To Alexandar Simeonov: But the DNAs are capable of being within ices or soils for milleniums. This means that the living matter could exist in the frozen state, isn't it? If so, the origination of DNAs is equvalent to origination of life but its development can be put off. Thus, just the event of the DNA formation is the event of life origination and just the DNAs represent the quintessence of life. Isn't it?
There is a body of thought that proposes that the first nucleic acids were in fact RNA followed by proteins and then DNA.
There is an old but interesting commentary by Walter Gilbert in Nature as far back as 1986 when I still had teeth and hair and could fit into jeans......
A more recent expansion of these ideas is mentioned in the Wikipedia entry
http://en.wikipedia.org/wiki/RNA_world_hypothesis
A lot of the argument hinges upon what one defines as "life" . Given time and the right conditions, chemical compounds can form polymeric structures, crystals can "grow" and bits of these structures can in turn be used to "seed" the formation of new structures. The ability to make copies from a template (or replicate?) may not necessarily conform to our ideas of "life" . An alternative is to take a reductionist approach starting with a number of known life forms and keep on reducing them to their basic constituents to a point of commonality from which the process can be reversed (i.e going back through a chemical "phylogenetic tree"?).
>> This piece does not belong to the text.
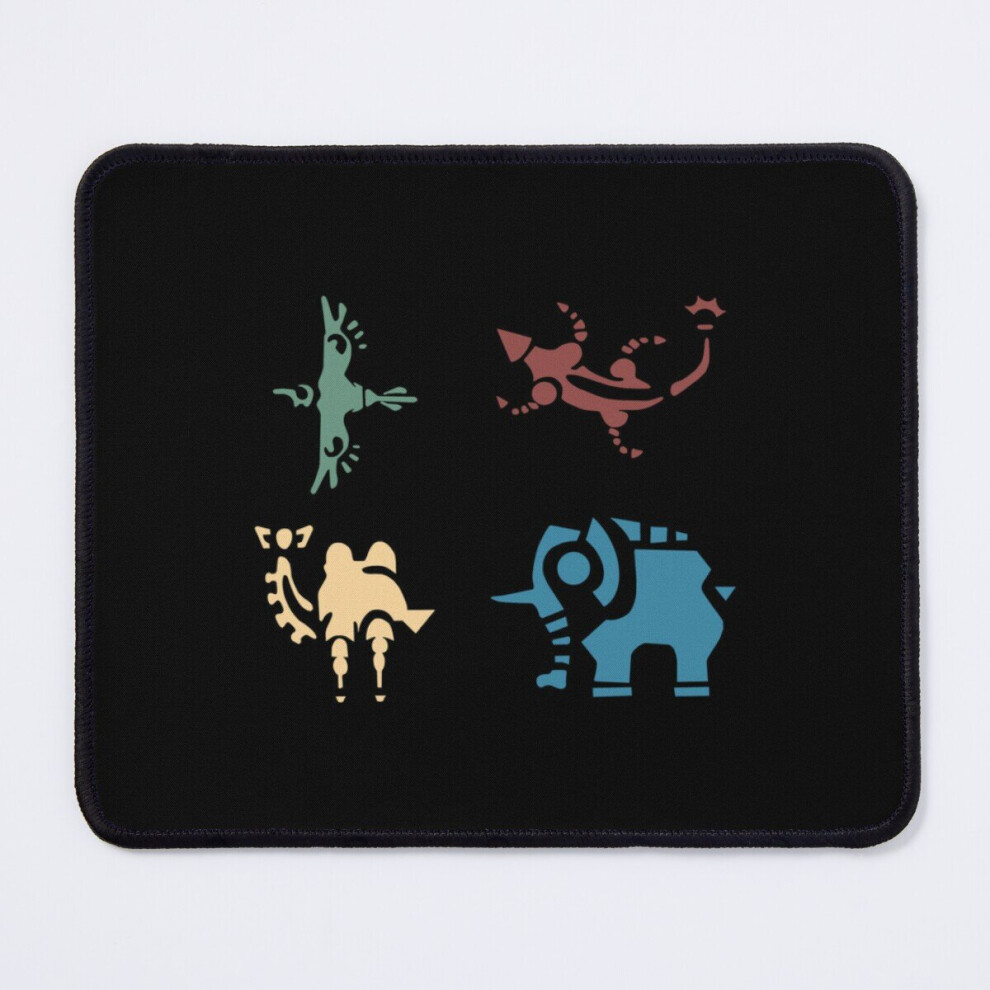 Mouse Pad Divine Beasts 11.8 X 9.8 Inch Computer Mat Gaming Office Mousepad 7802738203530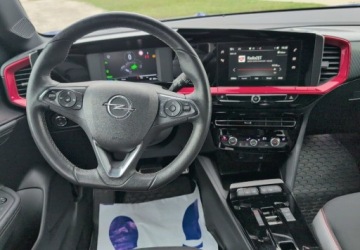 Opel Mokka II SUV-e 50kWh 136KM 2023 Opel Mokka Mokka-e 50kWh GS 1rej. 24 Bogaty wzorowy ASO Opel FV23 136KM, zdjęcie 10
I can see no easy way that one can distinguish between "life" and the "potential for life" forms
According to a paper by Karo Michaelian - Thermodynamic dissipation theory for the origin of life, nucleobases and then nucleic acids started spontaneously proliferating on the surface of the early ocean because of their extraordinary UVC-dissipation characteristics. In a recent experiment Michaelian and Santillan-Padilla have also demonstrated that double strands of DNA denature without damage when exposed to UVC light. I have also written a paper together with Dr. Michaelian in which we hypothesize how primitive polynucleotides entered very early in their evolution some kind of symbiotic relationship with aromatic amino acids and polypeptides to increase photon dissipation and entropy production on the sea surface.
To Alexandar Simeonov: I advise you the "Life origination hydrate theory" ("LOH-Theory"), for example, the paper published in the "Global Journal of Science Frontier Research; Physics and Space Sciences", 2012 and other papers, where this theory is presented. You could find them in my pages at the ResearchGate site.
Replication + natural selection, though the recent examples have shown that natural selection doesn't always mean competition+ frozen forms of life (which later can become viable), which we talk about in our papers.